• _WHAT IS REQUIRED_
I'd like the data beneath this line reproduced exactly, without any of its images.
Start of INFORMATION SHOWN
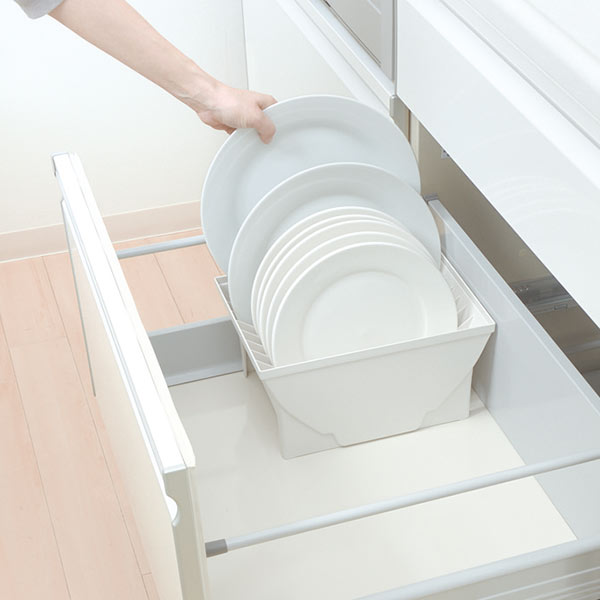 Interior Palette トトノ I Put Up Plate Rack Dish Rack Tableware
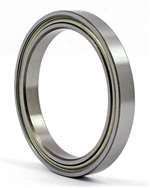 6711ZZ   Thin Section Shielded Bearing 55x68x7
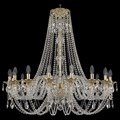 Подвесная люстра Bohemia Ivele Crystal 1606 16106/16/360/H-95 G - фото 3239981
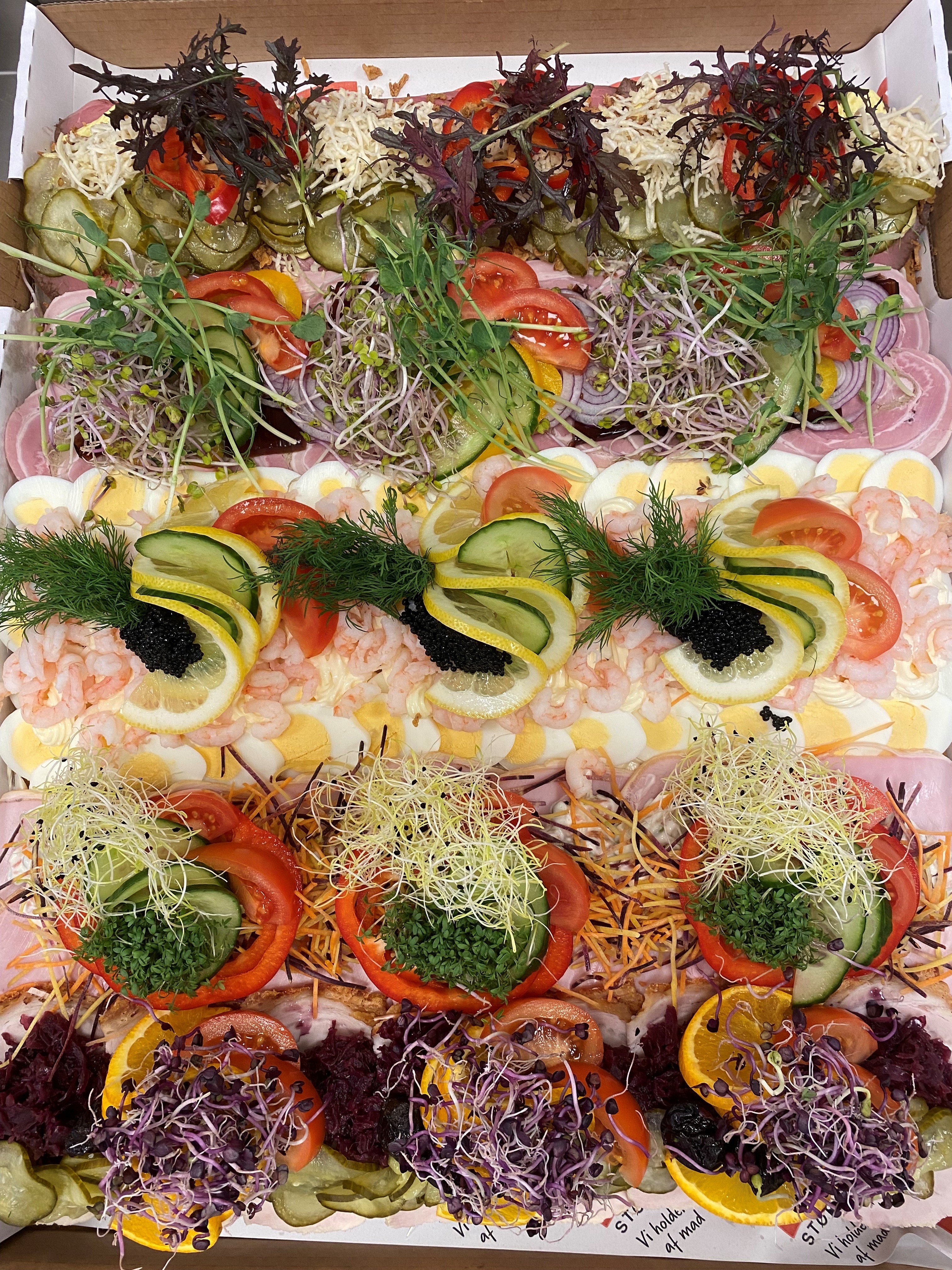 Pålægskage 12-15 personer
End of INFORMATION SHOWN
• _EXERCISE OUTPUT_
 Interior Palette トトノ I Put Up Plate Rack Dish Rack Tableware
 6711ZZ   Thin Section Shielded Bearing 55x68x7
 Подвесная люстра Bohemia Ivele Crystal 1606 16106/16/360/H-95 G - фото 3239981
 Pålægskage 12-15 personer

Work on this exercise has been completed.